Theoretical physics/chemistry/etc.

In some sciences, such as physics, there is traditional division into experimentalists and theoreticians - the former are people who actually work in a lab, but who limit themselves to very basic statistical analysis of the phenomena observed. The latter are providing deeper, model-based, analysis of the data and description of the phenomena. Very often their work is not tied to any particular experiment, bordering on very abstract math. Looking at the list of the Nobel prize winners in physics one can easily convince oneself that this work is no less valuable than the experimental work.

Similar division exists in other fields, e.g., one can freely talk about quantum/theoretical/computational chemistry.
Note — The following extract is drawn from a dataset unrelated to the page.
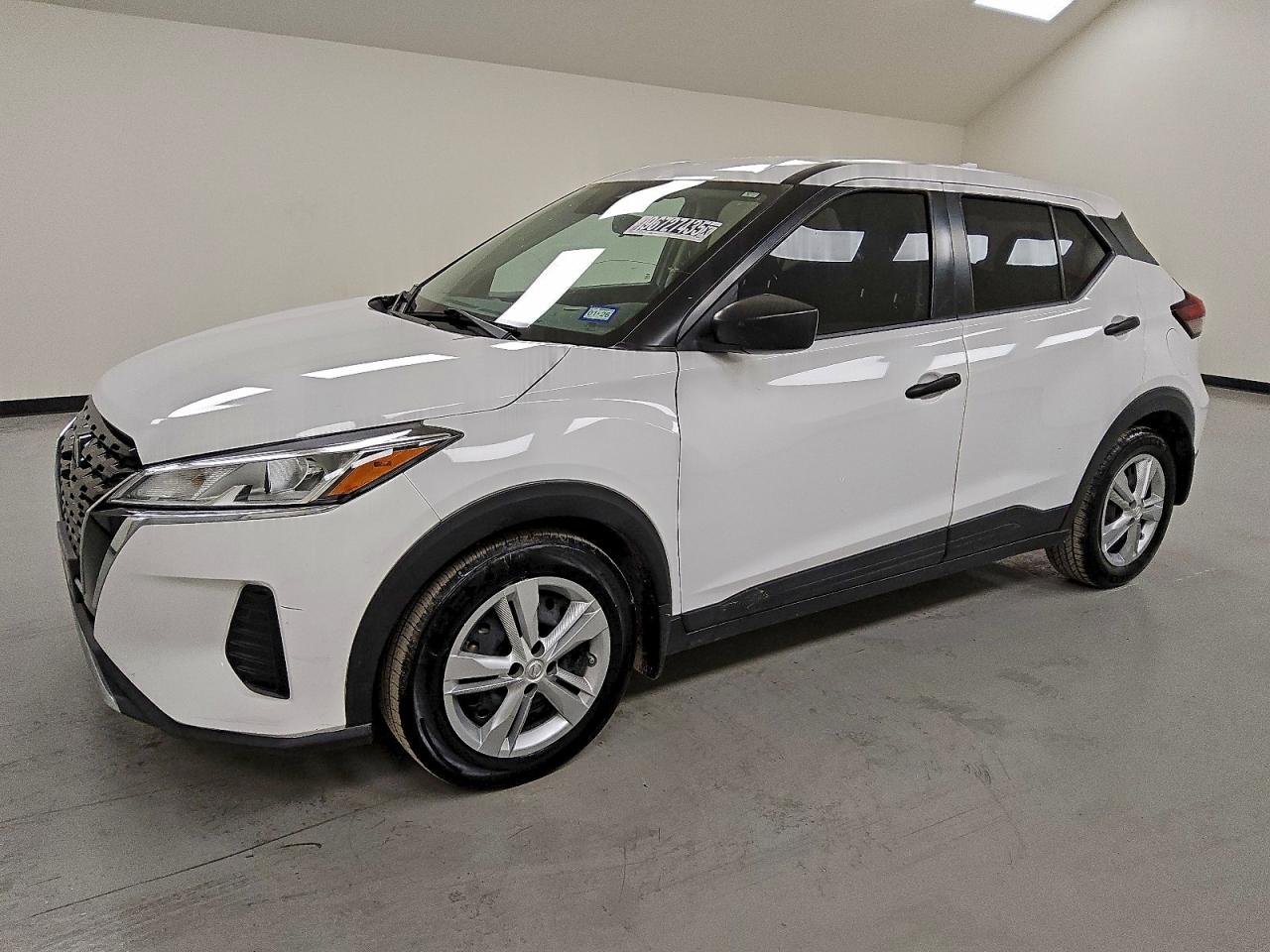 2021 NISSAN KICKS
Computational biology, bioinformatics, biostatistics, epidemiology, population genetics

Although biology is relatively young science, the times when it was frowned upon by physicists as mere stamp collecting have long been gone: evolutionary theory and epidemiology have been put on a firm mathematical footing, and the explosion of genomic data in the last couple of decades has ushered in the professions of bioinformatician and computational biologist - all complete with designated job descriptions and advanced university programs. Less noticeable, but no else widespread is the observation using modern technology - such as video and sound recording - every conference features a few talks like this, related to swarms of insects, flocks of birds, or behavior of whales (incidentally, whales have been extensively studied in connection to tracing enemy submarines. The analysis of the data is often done very far away from the sea.)


All science is either physics or stamp collecting. - a quote attributed to Ernest Rutherford, but likely of even earlier origin.